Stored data
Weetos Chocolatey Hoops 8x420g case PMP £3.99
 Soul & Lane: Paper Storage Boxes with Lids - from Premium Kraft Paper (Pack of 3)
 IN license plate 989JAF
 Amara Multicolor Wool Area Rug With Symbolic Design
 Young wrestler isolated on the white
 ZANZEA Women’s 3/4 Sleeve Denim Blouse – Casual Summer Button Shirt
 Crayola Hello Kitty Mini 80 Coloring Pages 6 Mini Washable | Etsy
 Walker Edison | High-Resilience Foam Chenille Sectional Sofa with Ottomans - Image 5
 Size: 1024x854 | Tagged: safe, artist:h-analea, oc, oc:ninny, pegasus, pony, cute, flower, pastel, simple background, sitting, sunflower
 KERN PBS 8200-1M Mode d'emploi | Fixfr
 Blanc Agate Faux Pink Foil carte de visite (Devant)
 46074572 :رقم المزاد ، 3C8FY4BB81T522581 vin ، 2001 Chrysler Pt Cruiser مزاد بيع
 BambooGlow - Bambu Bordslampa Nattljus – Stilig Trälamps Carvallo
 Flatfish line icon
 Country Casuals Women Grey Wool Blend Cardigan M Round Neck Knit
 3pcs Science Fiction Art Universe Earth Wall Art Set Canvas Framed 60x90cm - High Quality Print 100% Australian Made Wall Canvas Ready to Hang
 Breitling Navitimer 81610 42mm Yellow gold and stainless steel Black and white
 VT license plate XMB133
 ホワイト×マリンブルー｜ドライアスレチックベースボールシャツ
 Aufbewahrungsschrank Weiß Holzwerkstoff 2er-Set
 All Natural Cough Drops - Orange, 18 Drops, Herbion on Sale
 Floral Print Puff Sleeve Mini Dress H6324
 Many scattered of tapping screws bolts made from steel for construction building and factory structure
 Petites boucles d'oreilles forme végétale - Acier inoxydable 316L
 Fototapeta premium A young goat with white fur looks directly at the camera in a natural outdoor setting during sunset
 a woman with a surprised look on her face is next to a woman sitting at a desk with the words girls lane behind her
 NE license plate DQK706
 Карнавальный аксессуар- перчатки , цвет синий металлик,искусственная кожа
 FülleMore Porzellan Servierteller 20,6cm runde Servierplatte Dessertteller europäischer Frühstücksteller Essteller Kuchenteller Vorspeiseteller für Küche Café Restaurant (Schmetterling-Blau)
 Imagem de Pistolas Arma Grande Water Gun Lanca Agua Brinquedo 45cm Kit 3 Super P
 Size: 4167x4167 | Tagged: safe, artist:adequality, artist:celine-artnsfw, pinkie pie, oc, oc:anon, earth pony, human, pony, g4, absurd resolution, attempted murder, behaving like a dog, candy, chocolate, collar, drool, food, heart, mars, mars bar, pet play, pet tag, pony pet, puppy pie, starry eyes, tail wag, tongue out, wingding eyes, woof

**WHAT THE EXERCISE ASKS**
Retype all of the data shown above, word for word.

**SOLVED EXERCISE**
Weetos Chocolatey Hoops 8x420g case PMP £3.99
 Soul & Lane: Paper Storage Boxes with Lids - from Premium Kraft Paper (Pack of 3)
 IN license plate 989JAF
 Amara Multicolor Wool Area Rug With Symbolic Design
 Young wrestler isolated on the white
 ZANZEA Women’s 3/4 Sleeve Denim Blouse – Casual Summer Button Shirt
 Crayola Hello Kitty Mini 80 Coloring Pages 6 Mini Washable | Etsy
 Walker Edison | High-Resilience Foam Chenille Sectional Sofa with Ottomans - Image 5
 Size: 1024x854 | Tagged: safe, artist:h-analea, oc, oc:ninny, pegasus, pony, cute, flower, pastel, simple background, sitting, sunflower
 KERN PBS 8200-1M Mode d'emploi | Fixfr
 Blanc Agate Faux Pink Foil carte de visite (Devant)
 46074572 :رقم المزاد ، 3C8FY4BB81T522581 vin ، 2001 Chrysler Pt Cruiser مزاد بيع
 BambooGlow - Bambu Bordslampa Nattljus – Stilig Trälamps Carvallo
 Flatfish line icon
 Country Casuals Women Grey Wool Blend Cardigan M Round Neck Knit
 3pcs Science Fiction Art Universe Earth Wall Art Set Canvas Framed 60x90cm - High Quality Print 100% Australian Made Wall Canvas Ready to Hang
 Breitling Navitimer 81610 42mm Yellow gold and stainless steel Black and white
 VT license plate XMB133
 ホワイト×マリンブルー｜ドライアスレチックベースボールシャツ
 Aufbewahrungsschrank Weiß Holzwerkstoff 2er-Set
 All Natural Cough Drops - Orange, 18 Drops, Herbion on Sale
 Floral Print Puff Sleeve Mini Dress H6324
 Many scattered of tapping screws bolts made from steel for construction building and factory structure
 Petites boucles d'oreilles forme végétale - Acier inoxydable 316L
 Fototapeta premium A young goat with white fur looks directly at the camera in a natural outdoor setting during sunset
 a woman with a surprised look on her face is next to a woman sitting at a desk with the words girls lane behind her
 NE license plate DQK706
 Карнавальный аксессуар- перчатки , цвет синий металлик,искусственная кожа
 FülleMore Porzellan Servierteller 20,6cm runde Servierplatte Dessertteller europäischer Frühstücksteller Essteller Kuchenteller Vorspeiseteller für Küche Café Restaurant (Schmetterling-Blau)
 Imagem de Pistolas Arma Grande Water Gun Lanca Agua Brinquedo 45cm Kit 3 Super P
 Size: 4167x4167 | Tagged: safe, artist:adequality, artist:celine-artnsfw, pinkie pie, oc, oc:anon, earth pony, human, pony, g4, absurd resolution, attempted murder, behaving like a dog, candy, chocolate, collar, drool, food, heart, mars, mars bar, pet play, pet tag, pony pet, puppy pie, starry eyes, tail wag, tongue out, wingding eyes, woof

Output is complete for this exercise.